Operational Example 3: Restrictive routines in extra care support
Context: In an extra care scheme, staff began imposing fixed meal and hygiene times “for efficiency,” leading to distress and resistance in people with dementia.
Support approach: Leaders treated this as restrictive practice creep and introduced governance controls focused on routine flexibility.
Day-to-day delivery detail:
- Care plans were reviewed to reinstate personal preferences and timing flexibility.
- Shift handovers included “what matters today” prompts for each person to avoid task-led patterns.
- Observation audits focused on choice points, communication style, and whether staff offered alternatives.
- A monthly governance dashboard tracked distress incidents and complaints as potential restriction signals.
How effectiveness is evidenced: Distress incidents reduced, staff reported fewer confrontational interactions, and commissioners could see a structured approach to promoting rights rather than managing convenience.
How to demonstrate least restrictive practice in audits and inspections
Practical evidence that stands up to scrutiny includes:
- A restriction register showing identification, rationale, and review dates.

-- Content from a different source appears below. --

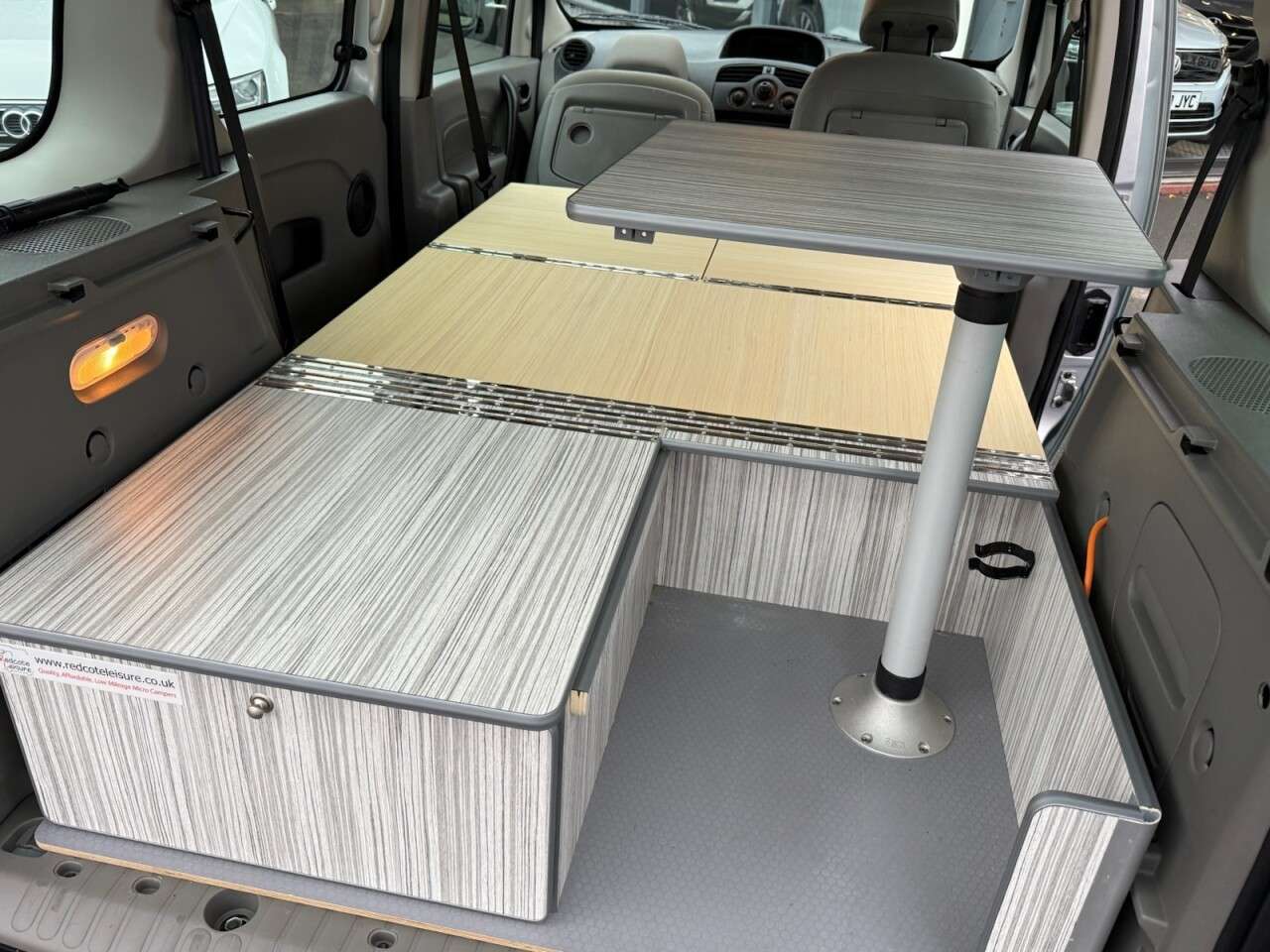 2010 RENAULT KANGOO 2010 RENAULT KANGOO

- Decision records showing involvement, alternatives tried, and time-limited decisions.
- Care plan content that evidences choice, flexibility and risk enablement.
- Incident trends showing reduced distress and fewer restrictive responses over time.
- Quality assurance minutes demonstrating senior oversight and challenge.
Restrictive practice governance is not about avoiding risk; it is about managing risk in a way that protects dignity, autonomy and lawful decision-making.